To sustain deep state aid cuts, the is proposing a budget for the 2011-2012 school year that will reduce staff and after-school clubs, while maintaining a district-wide average class size of 22.
The budget proposal, which calls for a 2.96 percent tax levy, represents a $1,075,886 decrease in spending from last year's budget.
“We are working under a very different set of circumstances,” said Superintendent John Lorentz at Wednesday night’s budget presentation.
Under Governor Cuomo’s budget, the district is receiving $2,713,158 less state aid this year than last year, while simultaneously facing an annual sewer tax and other potential new costs from both Nassau County and New York State.
Salaries make up the majority of the district’s total expenses at $78,053,893, which is $2.44 million less than last year. This number was reached by reducing the district’s full-time equivalent staff by 39.32 and teacher aides/monitors by around 13. The actual number of layoffs will be significantly less than these numbers, however, because of retirements and "realignments," administrators said.

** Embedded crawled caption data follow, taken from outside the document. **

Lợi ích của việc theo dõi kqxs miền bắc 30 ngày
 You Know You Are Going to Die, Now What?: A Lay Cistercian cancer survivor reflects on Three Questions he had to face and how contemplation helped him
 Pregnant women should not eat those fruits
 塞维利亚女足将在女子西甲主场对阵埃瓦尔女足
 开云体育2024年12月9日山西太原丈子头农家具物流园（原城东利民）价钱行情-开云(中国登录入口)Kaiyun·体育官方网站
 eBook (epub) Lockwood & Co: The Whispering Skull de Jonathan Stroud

The district’s largest expense increase is $4,458,559 in employee benefits costs, which consists of district contributions to health insurance, the employee retirement system and the teacher retirement system. Health insurance costs rose 15 percent, while ERS and TRS costs went up more than 35 percent.
“Employee benefits have gone up significantly and this is what caused us, in large part, to make a lot of the reductions we had to make in this budget,” said Assistant Superintendent for Business Paul Defendini.
The proposal recommends combining seventh- and eighth- grade sports teams and offering less after-school clubs at all grade levels. The clubs eliminated would be the ones with the least student interest in September, administrators said.
Other district-wide reductions include less guidance hours during the summer and evenings and eliminating the elementary/middle summer school program.
Spending in the areas of transportation, debt service, utilities and materials were lessened through cost-saving solutions like refinancing and switching to natural gas. The district will also put $1,050,000 less towards capital projects this year.
Much of these cuts were the result of a significant loss in aid from New York State. According to Defendini, the district was hit with a $4,628,979 cut in state aid due to Gap Elimination Adjustment, a reduction to the district’s total aid formula based on wealth factors, that the state imposed to balance the state budget.
Other revenue sources for the district - interest payments on money market and savings accounts, tuitions from billable foster students and health services revenue from local private schools - are also less this year due to low interest rates and the closure of Our Lady of Lourdes School.
To help offset the revenue losses and rising expenses, the district’s budget proposal will use $1,803,251 from the reserves and $5,196,749 from the fund balance (the amount of money left over from last year's budget cycle) - a total of $7 million.
During the presentation, Defendini explained what he called “the reserve/fund balance trap,” how using reserves to offset the proposed two percent tax cap and reduced state aid would empty the account in a few short years, forcing the district to make more than $8 million in cuts to the program by the 2014-2015 school year.
Superintendent Lorentz also expressed how the Governor’s proposed 2 percent tax cap would severely limit the district’s resources and would remove the local taxpayers’ authority to make decisions on the annual budget.
From 2002-06 the district experienced three out of four first time budget defeats and the average tax levy increase was 7.96 percent. From 2006-10 the district experienced no budget defeats and an average tax levy increase of 2.3 percent.
The school district will be holding numerous budget workshops over the upcoming weeks. The next will be held March 30 at 8 p.m. in the Howitt cafeteria.